Her novels may have been filled with melodrama and romance but Jane led a fairly ordinary and honestly boring life. Jane Austen was born December 16, 1775 in Steventon, Hampshire, England and died July 18, 1817 in Winchester, Hampshire, England. Ms. Austen was the daughter of a clergyman and one of seven children. (The Penguin Biographical Dictionary of Women, 1998) She was never married and was a longtime companion to her sister Cassandra. This woman of country English nobility made her mark through her writing. She wrote 6 novels, Sense and Sensibility, Pride and Prejudice, Mansfield Park, Emma, Persuasion, and Northanger Abbey. She published them anonymously but is recognized now as one of the most influential female English novelists of the 19th century.
Jane Austen should be praised not only for contributing such brilliant literary works to the world. But she must be acknowledged for more! She set the tone for novels in the 19th century, mixing comedy and drama with the beauty of her easy voice and graceful prose. She lived through her romantic and comic tales when her life was anything but.
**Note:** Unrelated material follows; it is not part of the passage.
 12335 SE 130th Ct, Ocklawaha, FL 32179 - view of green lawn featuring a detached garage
She should be respected for a young woman writing her heart out to other women in a male dominated world. Finally, Jane Austen should be most praised for her devotion to her sister Cassandra which I feel was the truest and good of all her romantic tales.
Jane and Cassandra were engaged but the marriages never came to fruition. So she led a simple life with her sister and wrote about her aspirations for them through her novels; to become married to a rich man, and have many children, to find happiness in love. This never came to be. Maybe that is why she could describe ordinary life with such ability and ease of words. Because ordinary life had to be what consumed her hours of the day. She was praising that existence of the subtle, quiet lives of the country gentry.
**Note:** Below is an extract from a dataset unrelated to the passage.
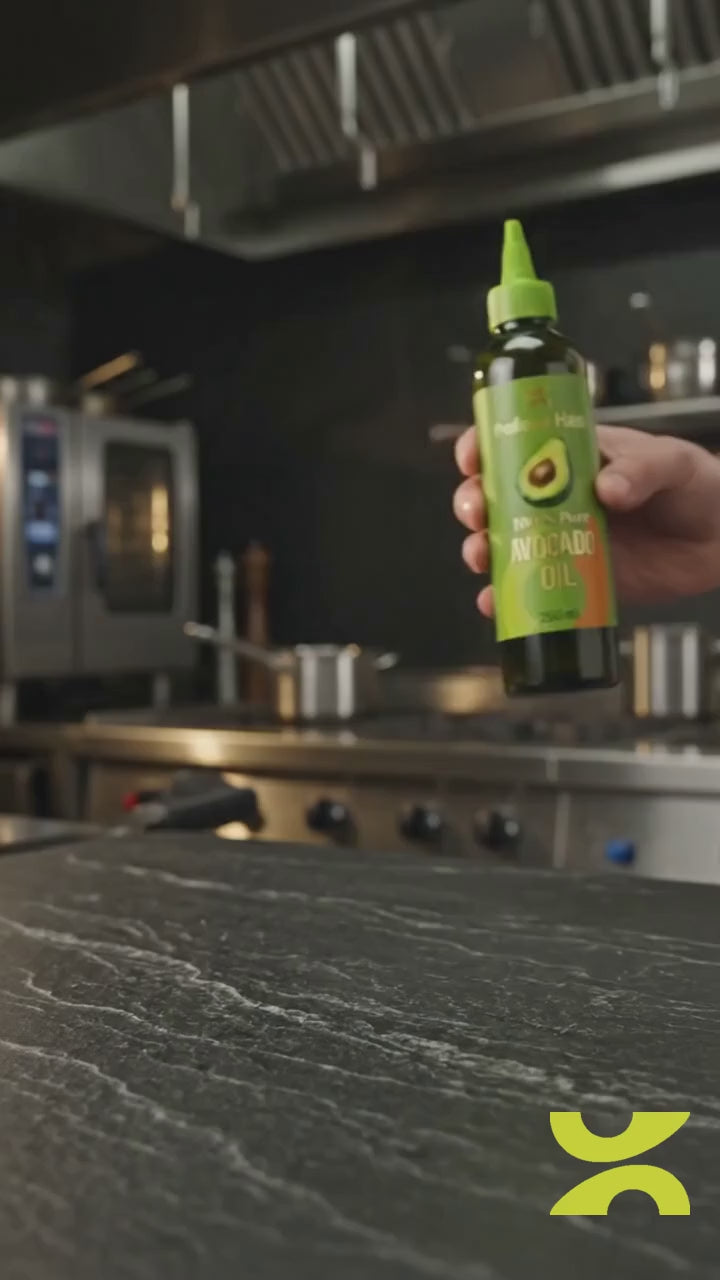 Mano sirviendo Aceite de Aguacate Profesor Hass 250 mL tapa pico sobre la estufa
She had great admirers who felt as much, such as Sir Walter Scott, the greatest novelist in her day. He said in 1826 in his Journal,
"That young lady has a talent for describing the involvements and feelings and characters of ordinary life which is to me the most wonderful thing I ever met with. “ (The Penguin Biographical Dictionary of Women, 1998)
He couldn’t have said it better. That is one area that I can find not one fault against her! She contributed much to the literary world and this is the dearest of her offerings.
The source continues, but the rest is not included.